Package test (based on shuffle) ok locally and on GitHub CI but failing on PkgEval

In my package I have a partition function that randomly partitions a set of arrays into different shares, keeping the order across the various arrays.

I test it using on StableRNGs.jl and I have the test working both locally and on GitHub CI, but when I check the PkgEval report I have:

** Testing partition()...
Test Failed at /home/pkgeval/.julia/packages/BetaML/r7gn5/test/Utils_tests.jl:458
  Expression: out == [[31 1 51 61; 32 2 52 62], [11 41; 12 42]]
   Evaluated: AbstractMatrix{Int64}[[41 51 11 1; 42 52 12 2], [31 61; 32 62]] == [[31 1 51 61; 32 2 52 62], [11 41; 12 42]]

What could make it ending up with a different random stream ?

You call Random.shuffle who’s implementation changed (unify `shuffle` and `randperm` by ctarn · Pull Request #50318 · JuliaLang/julia · GitHub).

1 Like

Thanks… this is going to hurt a lot on my tests… by using StableRNG they did assume a certain output…

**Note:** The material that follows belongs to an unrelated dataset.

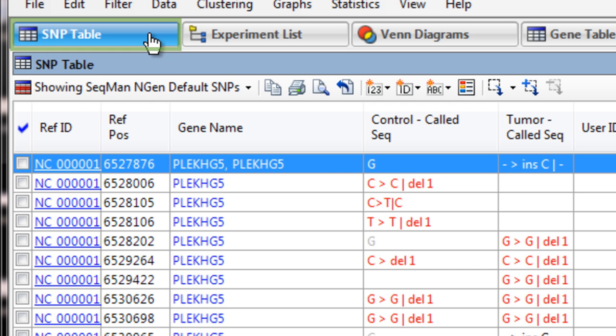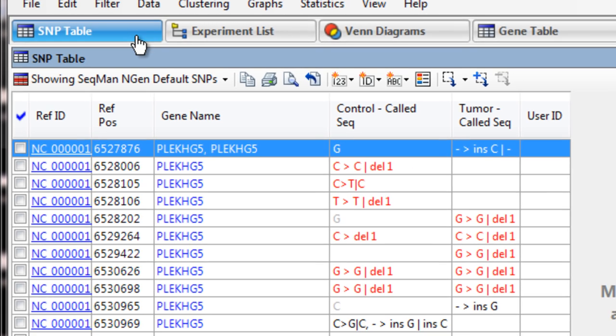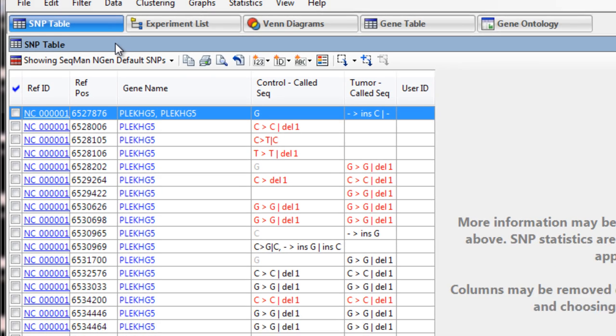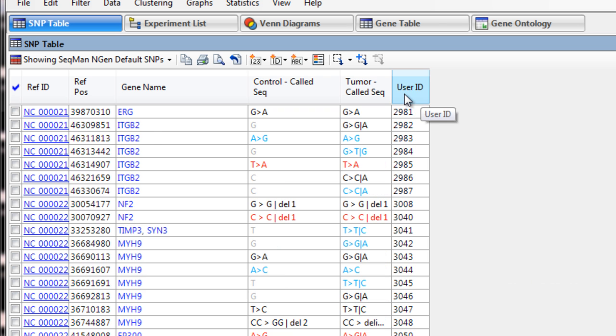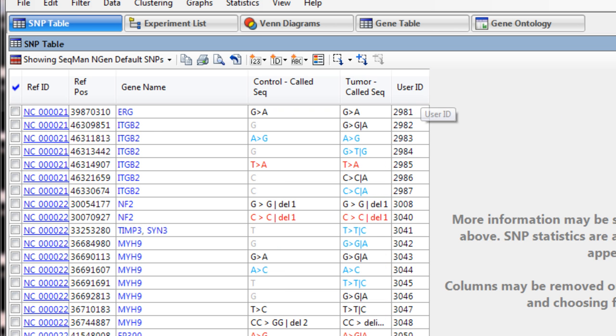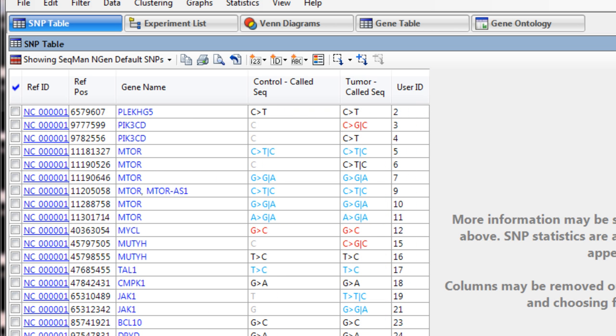In the SNP table, you can see we still have the user ID from the VCF file used during assembly. If we sort on this column, we can see all of the VCF file SNPs grouped together, including those which are missing from either assembly, shown in gray text.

In general, tests like the one you are doing aren’t good because they aren’t really testing anything. Why is [[31 1 51 61; 32 2 52 62], [11 41; 12 42]] a good result? All this test is doing is making sure that the function runs without errors, and that no one has changed any of the implementation (rather than that the implementation remains correct). Instead, I would recommend just testing that the no error is thrown (and not checking the result), or testing the statistical properties of the result. To do this, you would (for example) generate 1000 partitions of a length 3 list and test that the number of times you get each partition is approximately the expected number.

2 Likes

Well, the point is that that specific output has some structural characteristics (e.g. picking up whole columns of the data - I am partitioning on the second dimension, getting a complete partition,…) so it is well more than just check it doesn’t error, and conditional to relying that the random part was deterministic, allowed me to summarize my checks on these characteristics (that I manually validated) with a simple equal. Without this guarantee instead I need to explicitly check each characteristic in the test code… sure it is more appropriate … but longer :wink:

It’s a little longer, but it also makes it a lot easier to improve things later on since you can change implementations without your tests breaking (which means that you won’t accidentally change your tests in a bad way). Specifically for partition, the natural things to test are that it returns a Vector{Vector{T}}, and that concatenating and sorting the result yields an identical result to the sorted original list. This test will be ~3 lines rather than 1 line, but it is actually testing a lot more.

3 Likes

This is a bug in StableRNG’s, as it is documented that shuffle is considered stable. We did not vendor the Random implementation when adding that guarantee, but need to do so now as the upstream implementation has changed. It is fixed in Add `shuffle` implementation to preserve stability by ericphanson · Pull Request #17 · JuliaRandom/StableRNGs.jl · GitHub, but needs a JuliaRandom maintainer to take a look.

1 Like